On bloody Sunday, twenty-six unarmed civil rights protesters or bystanders were shot by the British Army Parachute Regiment during a Northern Ireland Civil Rights Association march. Thirteen men, seven of whom were teenagers, died immediately or soon after, while the death of another man four and a half months later has been attributed to the injuries he received on the day.
Two protesters were injured when they were run down by army vehicles. The report of the Saville Inquiry, which has been accepted by the British government, found that all of those shot were unarmed, and that the killings were "unjustified and unjustifiable." Five of those wounded were shot in the back.

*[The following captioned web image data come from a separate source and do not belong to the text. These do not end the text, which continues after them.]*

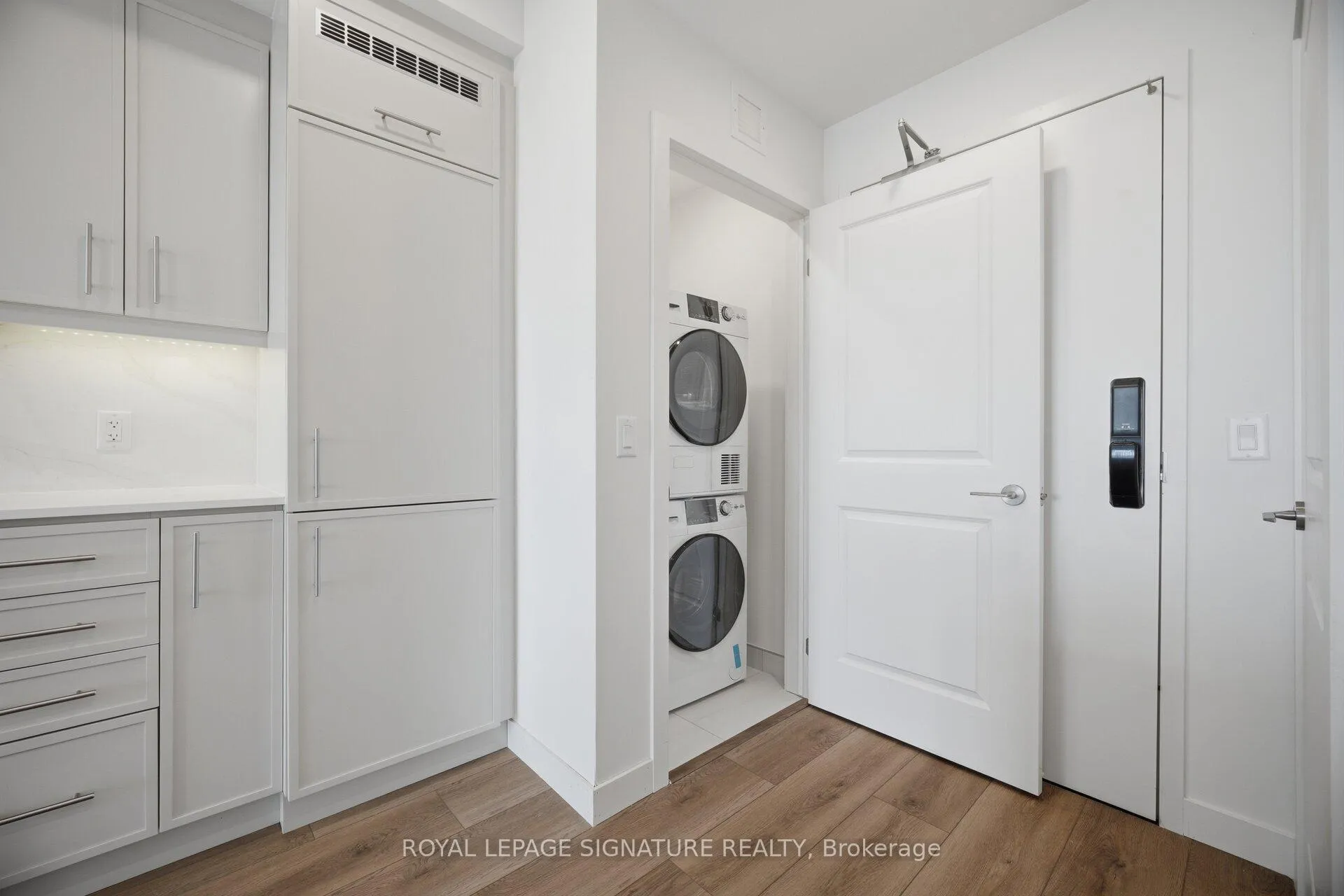 Photo 27 of Unit 1003, 461 Green Road, Hamilton, Lakeshore — HOMEH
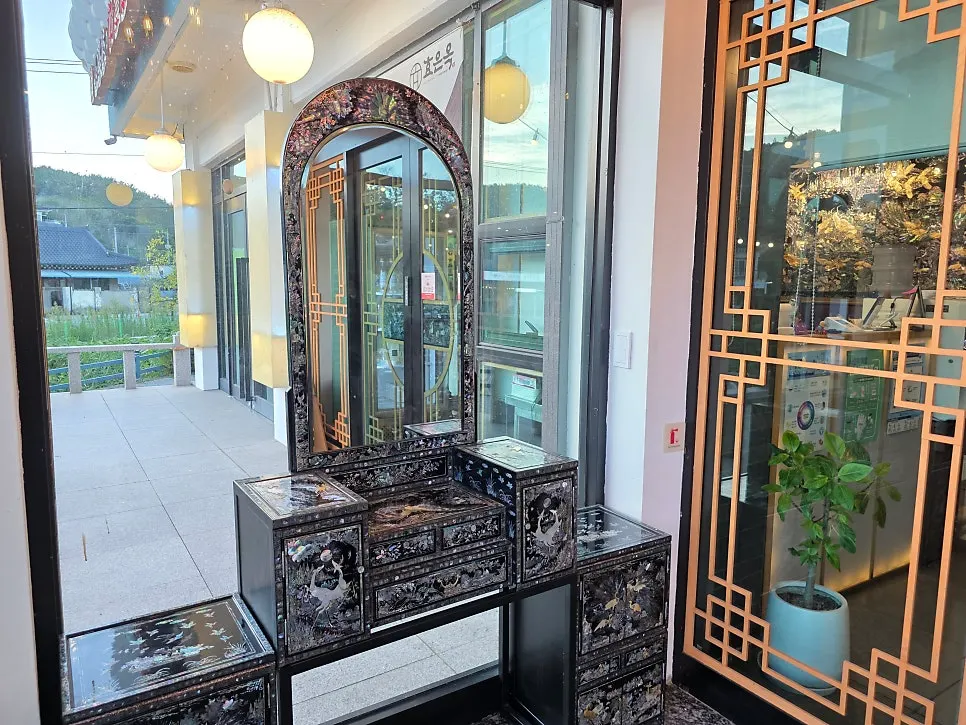 Hyoeunok waiting area decorated with Korean-style items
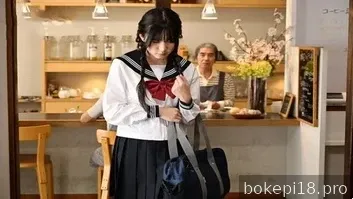 Seorang siswi yang bekerja paruh waktu bertemu dengan seorang manajer mesum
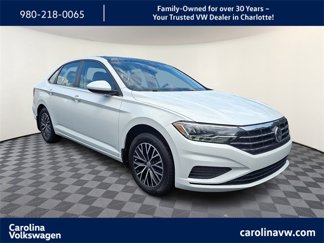 Certified 2021 Volkswagen Jetta SE image 1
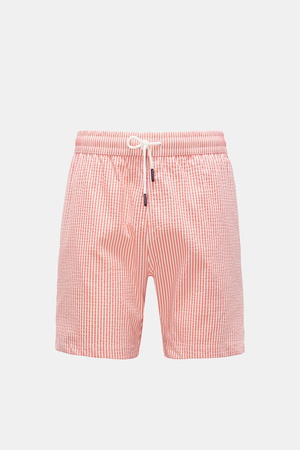 04651 / A trip in a bag - Herren - Seersucker-Badeshorts 'Seersucker Swim' koralle/weiß gestreift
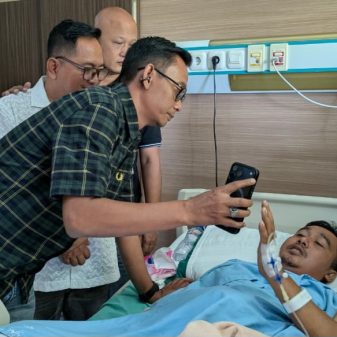 Haji Suryo Tanggung Pengobatan Abdullah dan Deva, Berikan Motor Baru serta Beasiswa Pendidikan Hingga Kuliah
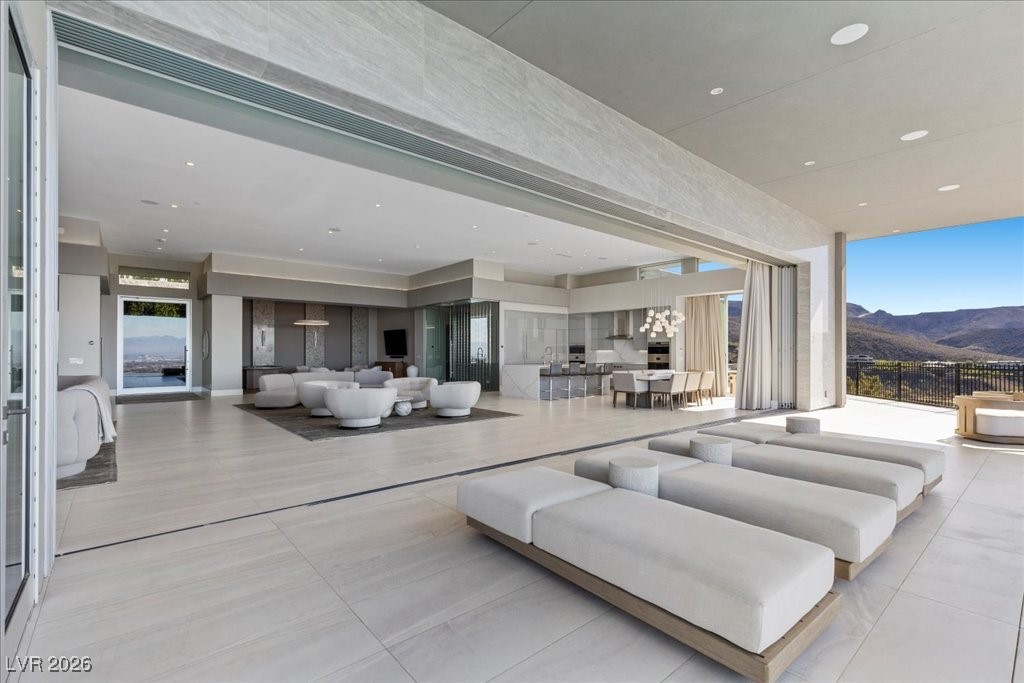 615 Scenic Rim Drive Henderson, NV 89012 - Photo 17 of 75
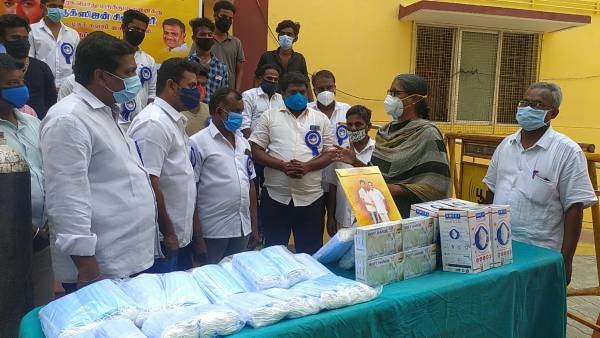 அரசு மருத்துவமனைக்கு ஆக்சிஜன் சிலிண்டர்கள் 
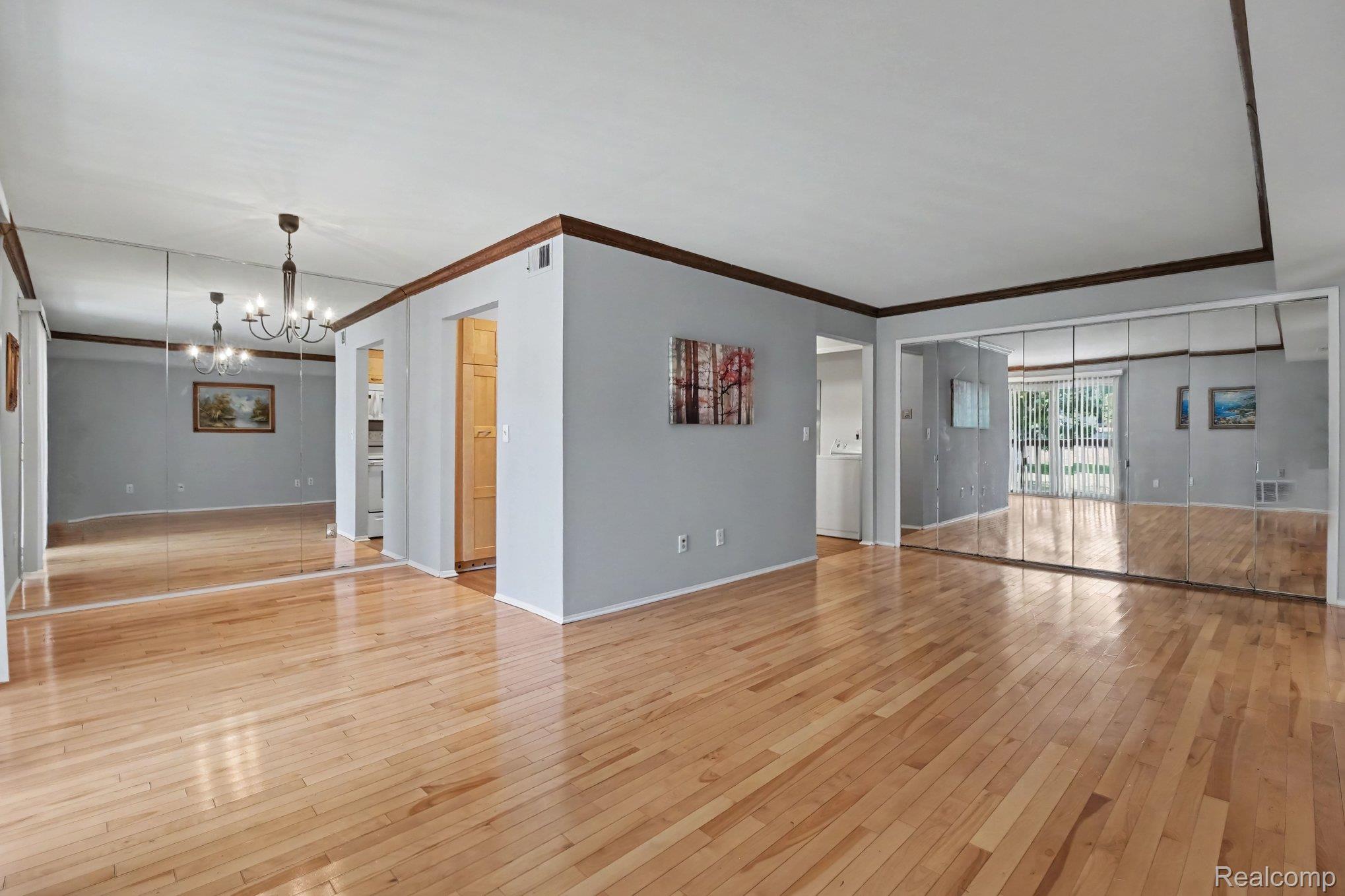29890 West 12 Mile Road, Unit 907 Farmington, MI 48334 - Photo 5 of 18 007_file_9048.jpg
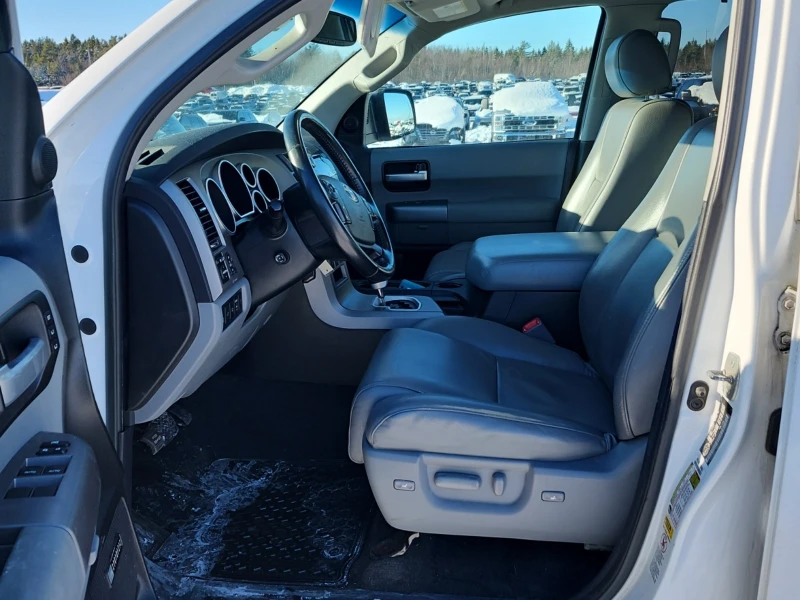 Toyota Sequoia LIMITED * * CARFAX * * АВТО КРЕДИТ * * , снимка 5 - Автомобили и джипове - 53329090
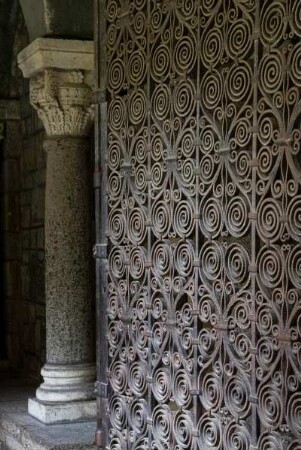Frankreich. Auvergne. Haute Loire. Le Puy en Velay. Cathedrale Notre Dame. Romanischer Stil. UNESCO Weltkulturerbe. Cloitre. Kreuzgang. Romanisches Gitter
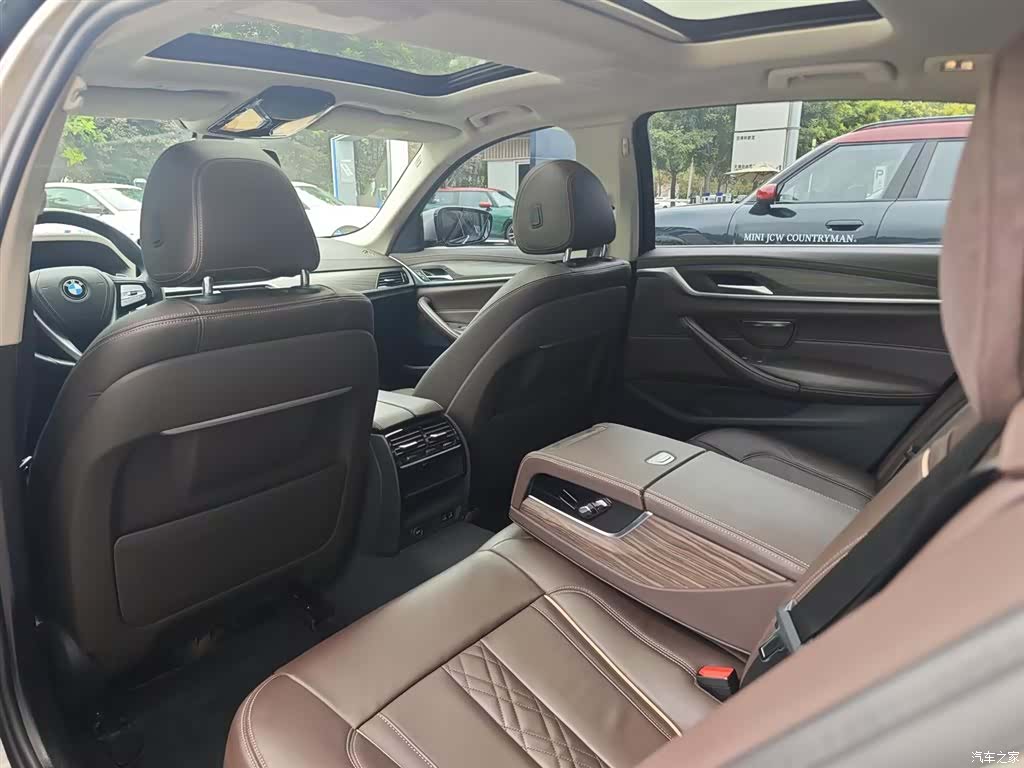 BMW 5 Series, 2020 8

Prime Minister Tony Blair appointed Lord Saville of Newdigate, as chairperson for a commision of inquiry in 1998 after campaigns for a second inquiry by families of those killed and injured in Derry on Bloody Sunday.
The inquiry was set up to establish a definitive version of the events, superseding the tribunal set up under Lord Widgery that had reported on 19 April 1972, 11 weeks after the events, and to resolve the accusations of a whitewash that had surrounded Widgery report.